Appeal of U.S. Coast Guard Cadet Disenrollment Action: Appeal Partially Granted to Allow Enlisted Military Service In Lieu of Repayment of $223,819.00 to the Government.
A United States Coast Guard Academy (USCGA) Cadet was recommended for disenrollment following substantiated allegations that he used racial slurs or epithets among fellow cadets to refer to another group of cadets.
The Commandant of the USCGA recommended disenrollment of the Cadet and also that he be precluded from enlisted service instead of financially repaying the government for the cost of his college education. This bill amounted to $223, 819.00. Once the Commandant made his findings and recommendations, the Cadet exercised his due process right to appeal to superior authorities within the Coast Guard leadership.
To aid him with drafting the appeal, the Cadet and his family hired Civilian Military Defense Attorney John L. Calcagni III. Attorney Calcagni developed a strategy before authoring the Cadet’s appeal that involved outlining the Cadet’s liberal and culturally diverse upbringing, along with his similarly open-minded and accepting family members.
The strategy also sought to underscore that the Cadet’s comment was intended to be kept in private opposed to being made public. The comment was also made in gest opposed to being motivated by closely held beliefs of racism, inequality or prejudice.
This theme unfolded in the written appeal memorandum, which sought the Cadet’s retention at the USCGA and his ability to commission as a Coast Guard Officer. As a secondary request for relief, the appeal asked for the Cadet to be given the option to serve the Coast Guard in an enlisted capacity opposed to becoming saddled with a student loan debt that eclipses the size and amount of an average middle class mortgage.
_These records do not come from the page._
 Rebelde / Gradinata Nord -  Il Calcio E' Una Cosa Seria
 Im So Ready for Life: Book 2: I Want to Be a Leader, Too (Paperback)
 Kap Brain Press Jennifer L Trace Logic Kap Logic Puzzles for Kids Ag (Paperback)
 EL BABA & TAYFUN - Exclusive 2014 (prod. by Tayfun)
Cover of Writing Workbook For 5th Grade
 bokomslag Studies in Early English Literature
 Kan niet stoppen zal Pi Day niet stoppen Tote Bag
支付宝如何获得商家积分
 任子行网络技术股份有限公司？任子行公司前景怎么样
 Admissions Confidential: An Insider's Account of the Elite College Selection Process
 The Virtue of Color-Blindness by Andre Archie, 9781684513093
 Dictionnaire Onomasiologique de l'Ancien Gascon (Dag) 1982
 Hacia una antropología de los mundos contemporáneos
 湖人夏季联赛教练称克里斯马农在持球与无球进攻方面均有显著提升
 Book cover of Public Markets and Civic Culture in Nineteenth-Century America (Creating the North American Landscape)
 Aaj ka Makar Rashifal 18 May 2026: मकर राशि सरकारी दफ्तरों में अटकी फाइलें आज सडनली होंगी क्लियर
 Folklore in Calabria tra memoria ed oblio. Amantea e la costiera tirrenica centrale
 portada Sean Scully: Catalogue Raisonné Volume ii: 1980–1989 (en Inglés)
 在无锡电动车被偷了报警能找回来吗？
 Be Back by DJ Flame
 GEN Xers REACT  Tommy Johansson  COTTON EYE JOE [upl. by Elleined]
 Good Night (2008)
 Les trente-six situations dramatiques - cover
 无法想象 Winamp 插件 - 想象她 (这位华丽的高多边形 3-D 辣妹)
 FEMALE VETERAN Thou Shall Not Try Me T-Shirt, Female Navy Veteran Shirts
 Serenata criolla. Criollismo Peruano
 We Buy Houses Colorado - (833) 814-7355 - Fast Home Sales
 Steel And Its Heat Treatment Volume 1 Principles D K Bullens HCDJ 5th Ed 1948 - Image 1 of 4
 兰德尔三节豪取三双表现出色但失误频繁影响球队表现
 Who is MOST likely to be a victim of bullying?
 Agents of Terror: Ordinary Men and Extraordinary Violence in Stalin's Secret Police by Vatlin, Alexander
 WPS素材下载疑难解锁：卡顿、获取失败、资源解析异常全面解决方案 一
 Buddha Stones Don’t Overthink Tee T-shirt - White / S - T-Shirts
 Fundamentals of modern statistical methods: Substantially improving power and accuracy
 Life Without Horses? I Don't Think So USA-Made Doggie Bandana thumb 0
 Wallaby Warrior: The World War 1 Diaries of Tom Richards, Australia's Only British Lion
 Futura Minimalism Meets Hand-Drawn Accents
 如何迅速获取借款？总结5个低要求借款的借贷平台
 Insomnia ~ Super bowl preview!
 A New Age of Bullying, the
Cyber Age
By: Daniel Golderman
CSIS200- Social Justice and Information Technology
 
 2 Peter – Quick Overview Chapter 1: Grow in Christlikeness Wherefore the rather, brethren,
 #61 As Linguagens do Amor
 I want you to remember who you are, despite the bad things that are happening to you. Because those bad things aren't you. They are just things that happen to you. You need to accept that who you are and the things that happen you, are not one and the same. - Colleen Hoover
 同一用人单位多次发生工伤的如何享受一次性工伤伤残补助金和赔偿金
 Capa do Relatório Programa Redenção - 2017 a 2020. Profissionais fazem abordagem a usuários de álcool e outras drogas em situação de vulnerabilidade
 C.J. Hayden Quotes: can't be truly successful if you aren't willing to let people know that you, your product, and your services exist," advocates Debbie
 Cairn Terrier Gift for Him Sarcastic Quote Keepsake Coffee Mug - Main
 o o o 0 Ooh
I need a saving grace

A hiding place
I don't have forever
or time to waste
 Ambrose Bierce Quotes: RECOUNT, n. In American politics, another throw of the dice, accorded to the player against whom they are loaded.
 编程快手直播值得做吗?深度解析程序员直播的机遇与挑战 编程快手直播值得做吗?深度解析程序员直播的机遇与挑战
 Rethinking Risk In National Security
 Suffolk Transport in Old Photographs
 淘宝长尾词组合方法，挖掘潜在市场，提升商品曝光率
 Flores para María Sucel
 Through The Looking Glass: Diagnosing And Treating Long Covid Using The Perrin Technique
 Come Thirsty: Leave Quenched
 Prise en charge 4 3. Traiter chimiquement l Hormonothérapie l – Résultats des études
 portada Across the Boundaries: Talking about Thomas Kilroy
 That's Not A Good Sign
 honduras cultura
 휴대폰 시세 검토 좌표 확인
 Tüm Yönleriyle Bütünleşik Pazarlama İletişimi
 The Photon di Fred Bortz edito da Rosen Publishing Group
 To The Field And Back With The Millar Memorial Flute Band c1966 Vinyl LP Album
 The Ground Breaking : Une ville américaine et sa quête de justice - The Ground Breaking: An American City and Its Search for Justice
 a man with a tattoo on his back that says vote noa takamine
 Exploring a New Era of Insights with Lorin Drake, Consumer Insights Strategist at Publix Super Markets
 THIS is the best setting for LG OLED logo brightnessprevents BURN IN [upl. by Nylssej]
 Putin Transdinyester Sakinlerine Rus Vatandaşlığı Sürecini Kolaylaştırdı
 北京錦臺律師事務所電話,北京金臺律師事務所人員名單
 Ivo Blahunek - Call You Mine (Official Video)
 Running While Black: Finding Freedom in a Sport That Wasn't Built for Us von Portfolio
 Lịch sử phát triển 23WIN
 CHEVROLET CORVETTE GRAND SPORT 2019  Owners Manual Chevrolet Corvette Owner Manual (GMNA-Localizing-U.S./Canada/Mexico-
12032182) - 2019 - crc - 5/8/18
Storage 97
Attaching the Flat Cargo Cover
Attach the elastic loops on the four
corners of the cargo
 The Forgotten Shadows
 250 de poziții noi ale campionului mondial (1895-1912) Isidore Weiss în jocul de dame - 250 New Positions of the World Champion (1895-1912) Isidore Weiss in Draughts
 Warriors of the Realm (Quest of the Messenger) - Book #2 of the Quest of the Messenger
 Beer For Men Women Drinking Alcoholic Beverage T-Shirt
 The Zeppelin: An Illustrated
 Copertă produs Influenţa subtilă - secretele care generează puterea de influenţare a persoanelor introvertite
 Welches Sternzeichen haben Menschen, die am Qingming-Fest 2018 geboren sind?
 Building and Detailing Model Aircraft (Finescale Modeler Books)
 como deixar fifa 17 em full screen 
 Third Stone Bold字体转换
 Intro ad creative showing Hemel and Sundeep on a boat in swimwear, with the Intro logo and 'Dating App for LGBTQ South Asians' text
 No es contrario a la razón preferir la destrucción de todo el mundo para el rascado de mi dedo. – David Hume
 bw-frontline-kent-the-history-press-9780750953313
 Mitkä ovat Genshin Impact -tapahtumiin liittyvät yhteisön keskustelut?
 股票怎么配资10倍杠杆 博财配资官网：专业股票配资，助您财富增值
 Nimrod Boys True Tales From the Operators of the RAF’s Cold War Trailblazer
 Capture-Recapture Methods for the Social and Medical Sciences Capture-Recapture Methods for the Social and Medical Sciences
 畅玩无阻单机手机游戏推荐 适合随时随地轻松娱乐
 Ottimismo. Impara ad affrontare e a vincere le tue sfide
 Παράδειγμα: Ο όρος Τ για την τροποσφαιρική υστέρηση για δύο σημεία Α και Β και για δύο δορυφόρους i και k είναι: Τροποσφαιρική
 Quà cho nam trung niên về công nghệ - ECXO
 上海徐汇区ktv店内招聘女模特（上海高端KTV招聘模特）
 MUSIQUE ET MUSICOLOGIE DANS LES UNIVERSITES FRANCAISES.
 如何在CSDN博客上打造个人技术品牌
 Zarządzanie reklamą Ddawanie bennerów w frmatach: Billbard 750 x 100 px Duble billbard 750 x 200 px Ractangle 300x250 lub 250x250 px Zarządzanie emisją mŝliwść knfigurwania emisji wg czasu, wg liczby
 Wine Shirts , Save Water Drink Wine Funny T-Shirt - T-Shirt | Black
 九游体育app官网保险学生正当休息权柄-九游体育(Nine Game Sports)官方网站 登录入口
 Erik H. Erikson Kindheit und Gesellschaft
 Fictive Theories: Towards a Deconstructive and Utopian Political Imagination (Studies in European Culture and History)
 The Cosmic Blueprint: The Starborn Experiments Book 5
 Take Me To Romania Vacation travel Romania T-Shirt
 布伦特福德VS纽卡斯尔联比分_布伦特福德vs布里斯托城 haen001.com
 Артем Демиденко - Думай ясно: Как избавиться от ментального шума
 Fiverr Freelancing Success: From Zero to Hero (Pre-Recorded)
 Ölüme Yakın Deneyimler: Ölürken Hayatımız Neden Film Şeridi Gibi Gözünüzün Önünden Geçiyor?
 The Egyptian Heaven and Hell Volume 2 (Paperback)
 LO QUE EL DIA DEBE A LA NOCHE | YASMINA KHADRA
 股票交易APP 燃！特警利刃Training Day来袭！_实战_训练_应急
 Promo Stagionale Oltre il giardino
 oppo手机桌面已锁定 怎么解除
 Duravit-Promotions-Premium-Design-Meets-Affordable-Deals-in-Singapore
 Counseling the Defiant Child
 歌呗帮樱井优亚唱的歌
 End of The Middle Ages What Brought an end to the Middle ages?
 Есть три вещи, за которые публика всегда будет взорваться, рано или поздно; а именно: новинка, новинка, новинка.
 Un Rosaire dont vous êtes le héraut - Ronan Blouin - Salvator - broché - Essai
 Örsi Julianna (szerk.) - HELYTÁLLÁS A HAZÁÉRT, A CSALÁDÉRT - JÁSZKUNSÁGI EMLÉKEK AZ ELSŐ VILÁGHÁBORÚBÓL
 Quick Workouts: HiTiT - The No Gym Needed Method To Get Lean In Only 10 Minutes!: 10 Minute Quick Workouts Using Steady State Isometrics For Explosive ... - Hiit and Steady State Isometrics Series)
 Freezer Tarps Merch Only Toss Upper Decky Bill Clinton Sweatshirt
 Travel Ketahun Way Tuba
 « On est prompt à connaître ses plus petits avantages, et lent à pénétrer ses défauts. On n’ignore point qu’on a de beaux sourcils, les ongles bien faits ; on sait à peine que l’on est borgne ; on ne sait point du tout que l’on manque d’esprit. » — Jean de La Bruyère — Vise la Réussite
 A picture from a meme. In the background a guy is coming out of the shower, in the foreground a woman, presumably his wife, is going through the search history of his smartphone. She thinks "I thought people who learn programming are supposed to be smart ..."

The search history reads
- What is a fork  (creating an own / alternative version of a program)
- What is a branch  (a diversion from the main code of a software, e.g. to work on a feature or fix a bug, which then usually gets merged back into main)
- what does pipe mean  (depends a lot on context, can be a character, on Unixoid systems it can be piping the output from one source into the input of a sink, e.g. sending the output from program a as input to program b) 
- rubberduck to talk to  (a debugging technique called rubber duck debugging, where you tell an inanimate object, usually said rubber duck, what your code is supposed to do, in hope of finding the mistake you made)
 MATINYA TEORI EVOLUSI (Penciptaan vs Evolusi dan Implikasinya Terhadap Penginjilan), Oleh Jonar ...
Upon consideration of the Cadet’s appellate submission, the Coast Guard upheld the disenrollment decision, but was persuaded by Attorney Calcagni’s arguments sufficiently to invite the Cadet into enlisted service in lieu of financial repayment to the government for the cost of his academy education. While this result did not provide the Cadet with his primary request for relief, his secondary request was granted, which the parties considered to be a successful outcome.